ようやくそこで、客や出演者にも何が起こったのか理解できた。
一斉に悲鳴が上がる。

「オイッ!大丈夫かっ!」
「きゃー!!」
「オイ?!どうなってるんだ!!」
「皆さん落ち着いてください!パニックにならないで!」

一気に騒然とするスタジオの中、起こったのはありえない事故。いや、あってはいけない事故だった。
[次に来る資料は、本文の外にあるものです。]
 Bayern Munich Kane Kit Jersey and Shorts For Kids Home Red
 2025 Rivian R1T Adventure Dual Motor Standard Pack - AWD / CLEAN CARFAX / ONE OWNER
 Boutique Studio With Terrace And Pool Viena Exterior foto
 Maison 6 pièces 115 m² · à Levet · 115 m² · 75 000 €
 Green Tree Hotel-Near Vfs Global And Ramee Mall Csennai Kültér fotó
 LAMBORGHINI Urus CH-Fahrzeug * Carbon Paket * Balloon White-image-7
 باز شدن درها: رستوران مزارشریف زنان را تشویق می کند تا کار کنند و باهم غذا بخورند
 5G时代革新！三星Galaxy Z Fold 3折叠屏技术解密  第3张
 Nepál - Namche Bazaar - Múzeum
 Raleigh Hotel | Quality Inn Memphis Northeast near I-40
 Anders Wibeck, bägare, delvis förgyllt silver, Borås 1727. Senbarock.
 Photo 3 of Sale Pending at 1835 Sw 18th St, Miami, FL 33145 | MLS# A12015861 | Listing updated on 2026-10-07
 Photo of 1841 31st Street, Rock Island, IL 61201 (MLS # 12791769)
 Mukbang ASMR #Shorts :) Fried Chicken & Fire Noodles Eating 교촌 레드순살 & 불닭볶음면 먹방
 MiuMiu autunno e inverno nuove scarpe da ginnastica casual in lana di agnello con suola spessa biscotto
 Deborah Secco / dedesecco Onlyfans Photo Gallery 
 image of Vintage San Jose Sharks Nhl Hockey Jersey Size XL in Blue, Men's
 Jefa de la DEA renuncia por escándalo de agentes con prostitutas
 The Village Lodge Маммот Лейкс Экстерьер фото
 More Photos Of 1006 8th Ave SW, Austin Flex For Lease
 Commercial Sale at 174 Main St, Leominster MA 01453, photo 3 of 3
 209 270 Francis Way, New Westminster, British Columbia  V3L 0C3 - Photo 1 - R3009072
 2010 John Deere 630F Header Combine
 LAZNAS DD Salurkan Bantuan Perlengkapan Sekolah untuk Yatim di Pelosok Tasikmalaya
「どうなってるんだ?!このライトはしっかり固定したはず・・・」
「大丈夫です!幸い、シャインの皆さんには怪我は無いようです!」
「とにかく一旦中止!これじゃあ今日の撮影は・・・」

そんな怒号の中で、横島だけが別のことを考える。

―― なんだ? ――

先ほど感じたのは霊気。しかも、今も感じている。

―― 何かいる? ――

横島は確信していた。いまこの場所に、人為らざる何かがいると言う事を。
直ぐに集中して探る。強いということは無い。感じる霊気もプレッシャーも、雑魚霊に毛が生えた程度の物だ。

「いた!」

そして横島は、天上のセットの影にいるソレを見つけた。

「悪霊か?」

パッと見て、それはかつては女性だったであろうと見える。だが、今は間違いなく悪霊だ。

『死ね死ね死ね死ね・・・』
「う!」

悪霊が動く。狙いは・・・

「危ない!葛井さん!」
「えっ?」

今度は、リオを狙って突っ込んできた。

「ちっ!オラッ!」
「きゃっ?!」

駆け出していた横島が、間一髪でリオを抱きそのままの勢いで飛ぶ。
悪霊の爪は、床に大きな穴を開けた。
同時に、その存在にスタジオ中が気付く。

「うわああああっ!!?」
「化け物だあああっ!!」
「助けてーーーっ!!」

さらにパニックに陥る一般客。だが、今度は他のスタッフたちも慌てていた。

「横っち!こいつ?!」
「銀ちゃん、下がってろ!」

真剣な表情で声をかけて来る銀一に、横島は怒鳴り返した。それは、今までの横島には無かった貫禄のような物を兼ね備えている指示である。銀一はそれで、言われたとおりに下がった。

「みんな、下がって!大丈夫!横っちに任せとけば平気だから!」
「近畿君!大丈夫なの!?」
「はやく、はやく逃げないと!!」

―― 良し、大丈夫! ――

少し観察して、横島は目の前の霊がそれほどでない事を改めて確認する。

「なんでこんな事したのかは知らんけど・・・」

霊気を込め、右手に剣を作り出すと、自分に向かってきた悪霊めがけて一閃した。

『うぎゃあああああああああああああっっ!!!』

真横に薙いだ霊剣の軌跡に包まれ、悪霊は断末魔の声を上げる。
その声が止んだ頃、完全に霧散して消滅した。

・・・・・・・・・・・・





一見、これで事件は解決したかに見えるのだが・・・
これはまだ今回の事件の始まりに過ぎない。